The album’s title and its opening track, ‘The Community of Hope’ refer to the levelling of one of the US capital’s major social housing projects in order to develop the land and provide a sense of aspiration and economic revitalisation within the community. However, through Harvey’s lens, it portrays a massive oversight from local governments through them removing the most basic necessities from an impoverished community, such as healthcare institutions and affordable housing, and lines about building restaurants and a Walmart on this very land represent gentrification and neglect of the people that make up the local community.

Moving further afield, Harvey reflects on her experiences in the war-torn areas of Kosovo and Afghanistan, both of which have suffered from unrest since before the turn of the century. Citing statistics of children that have gone missing at the hands of displacement and systematic killing from governments and militia on ‘The Wheel’ and vividly describing the hunger and starvation of children affected by conflict on ‘Dollar, Dollar’, Harvey doesn’t sugar-coat any of the harrowing images she was confronted with during her visits to these areas of devastation.

While it’s never easy to be confronted with such visceral images of suffering, you’d think that the response to Harvey’s ninth album would have been one of wishing to reflect on the atrocities taking place in the world and might have provoked direct action to improve these horrific situations.

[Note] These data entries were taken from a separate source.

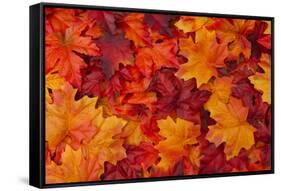 Red and Orange Autumn Leaves Background-Karen Roach-Framed Stretched Canvas
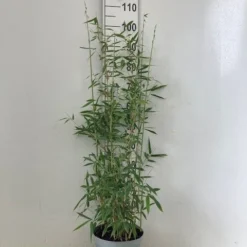 Natuur Kus Verkoopwinkel -Natuur Kus Verkoopwinkel dino c5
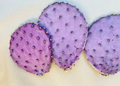 Opuntia Durazilla Cactus Pad – 1 Purple Prickly Pear Cutting, Live Nopal Starter Pad for Planting & Desert Gardens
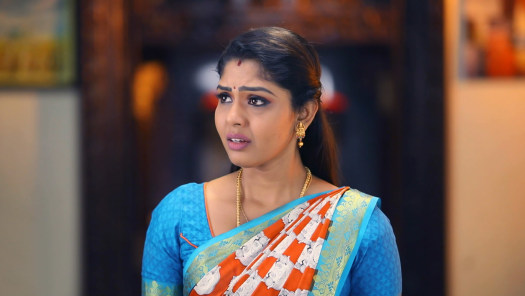 Pandian stores today hotstar hotsell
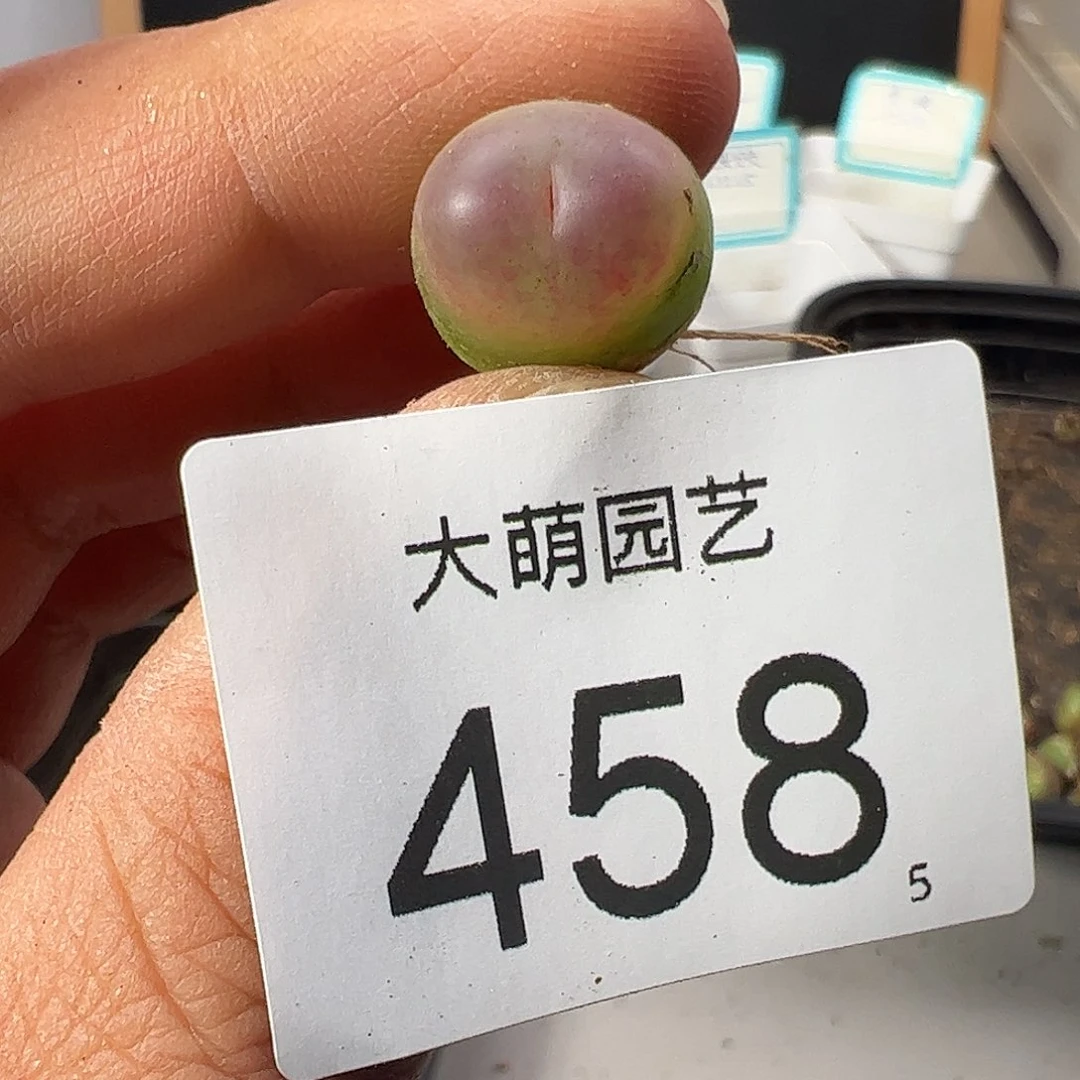 0000458 一物一拍……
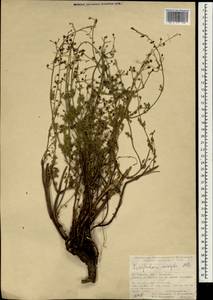Scrophularia variegata M. Bieb., South Asia, South Asia (Asia outside ex-Soviet states and Mongolia) (ASIA) (Turkey)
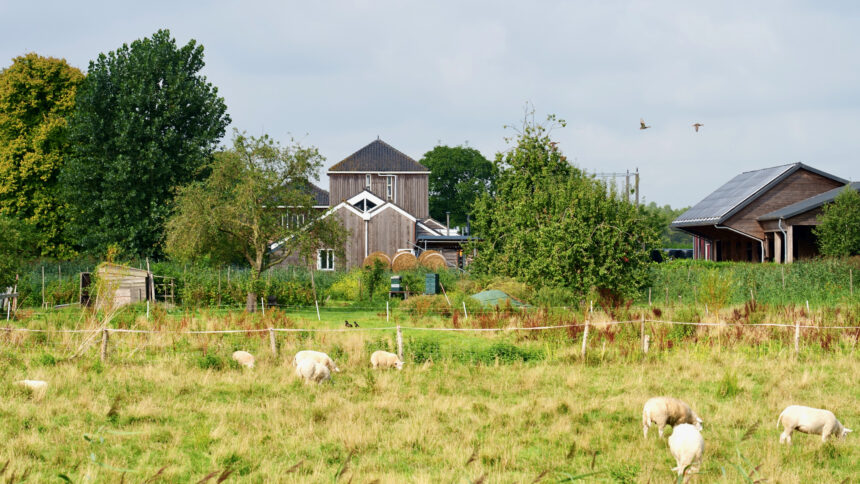 Lente ontdekken op de boerderij: open inloop bij De Marsen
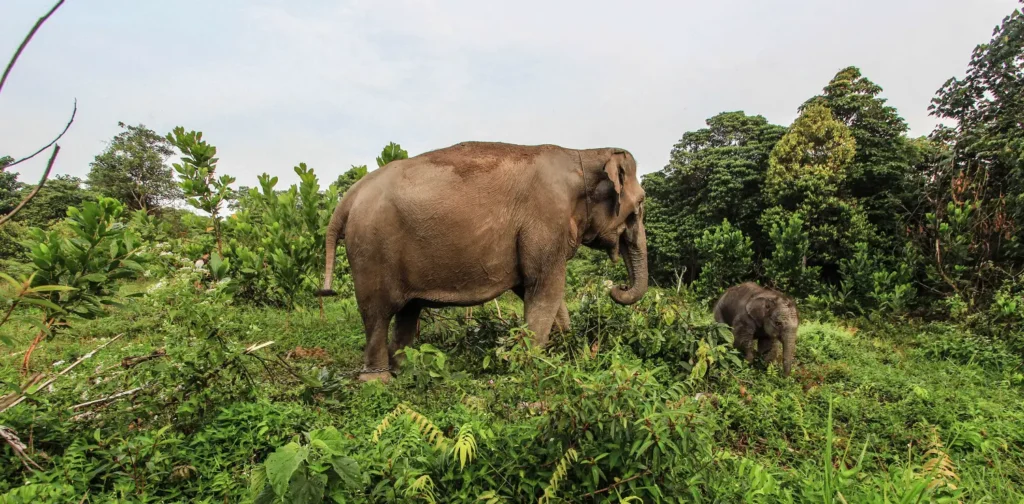 Mengenal Potensi Lingkungan Serta Satwa Di Sumatra Utara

However, several listeners were critical of Harvey’s portrayal of life in these stricken areas, labelling the record as a sickeningly inaccurate image tantamount to poverty porn and seeking to make a profit and gain attention through using depictions of others’ hardships.

It’s also not easy to discuss such subject matters and manage to do so in a way that accurately portrays the severity of a situation while remaining sensitive to the adversity that others are experiencing. If you’re willing to accept that Harvey’s intentions were to shed light on the difficulties faced by displaced communities and not to take advantage of the plight of others for her own artistic and commercial gains, then is it also possible to look past the occasionally clumsy ways in which she discusses said matters in her work?

The most unfortunate thing about the messaging behind Hope Six is that everything that Harvey wished to hold people accountable for is still ongoing, both in the areas that she specifically focused on and beyond. If the album is indicative of anything, it’s that years on from its release, history continues to be unable to learn from its errors, and that its relevance will continue to stay strong for as long as those in power continue to fail to repair the damage they have caused or atone for their campaigns of violence.